Question

1. julio claims that you can find the area of a rectangle using the following method: take two positive integers x and y, where x > y. the side lengths of the rectangle are defined by the expressions 2x + y and 2x − y. the area of the rectangle is defined by the expression 4x² − y². is julio correct? explain your reasoning in the context of polynomial identities.

Explanation:

Step1: Recall the formula for the area of a rectangle

The area \( A \) of a rectangle is given by the product of its length \( l \) and width \( w \), i.e., \( A = l \times w \).

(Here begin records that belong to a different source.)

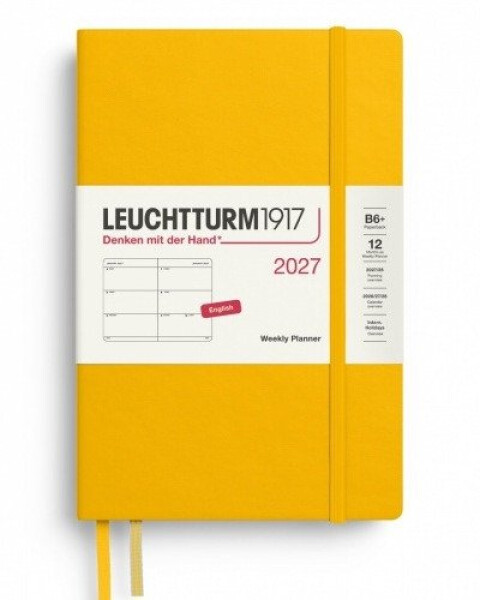 Týdenní plánovač Sunflower, Paperback B6+ 2027, anglicky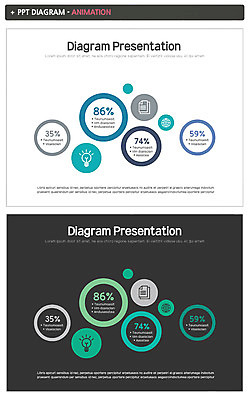 도형 템플릿 비즈니스 전구 그래프 사람없음 세트 원형 PPT 프레젠테이션 문서템플릿 문서 애니형PPT 이미지템플릿 파일형식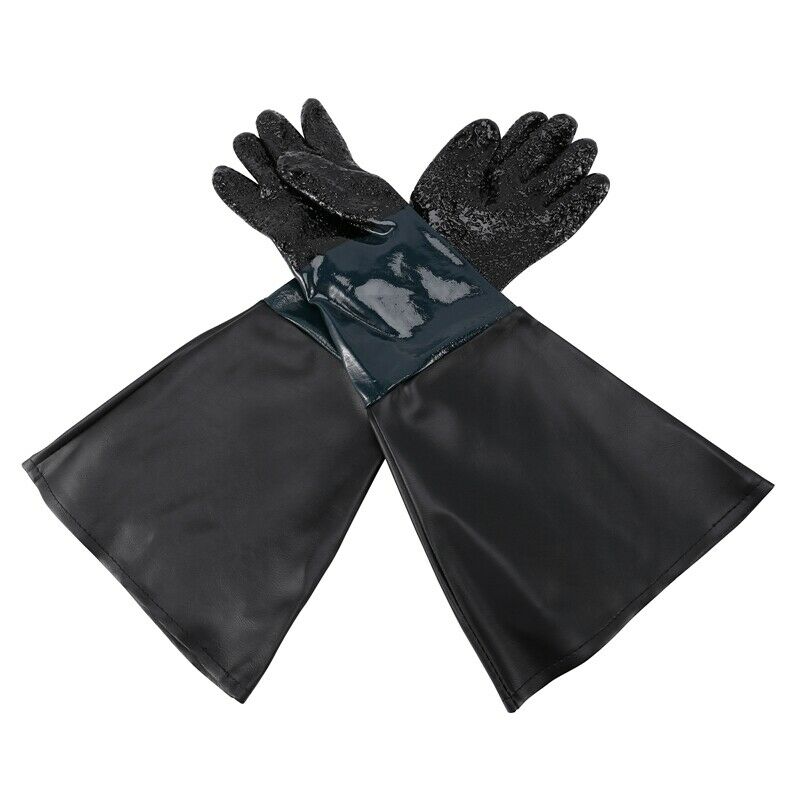 1 Pair Heavy Duty Gloves Soft Comfortable Sandblasting Machine Gloves for SandF5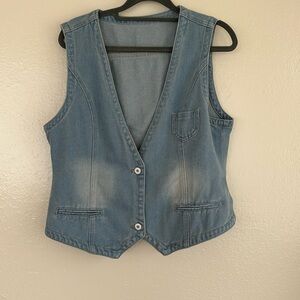 Denim vest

Step2: Identify the length and width from the problem

Here, the length \( l = 2x + y \) and the width \( w = 2x - y \).

Step3: Calculate the product of length and width

We need to compute \( (2x + y)(2x - y) \). Using the difference of squares formula, which is a polynomial identity: \( (a + b)(a - b) = a^2 - b^2 \), where \( a = 2x \) and \( b = y \).
Substituting the values of \( a \) and \( b \) into the formula, we get:
\[

$$\begin{align*} (2x + y)(2x - y)&=(2x)^2 - y^2\\ &= 4x^2 - y^2 \end{align*}$$

\]
This is the same as the expression for the area that Julio defined.

Answer:

Julio is correct. By using the formula for the area of a rectangle (product of length and width) and the difference of squares polynomial identity \((a + b)(a - b)=a^2 - b^2\) (with \(a = 2x\) and \(b = y\)), the product of the side lengths \((2x + y)\) and \((2x - y)\) is \(4x^2 - y^2\), which matches the area expression Julio provided.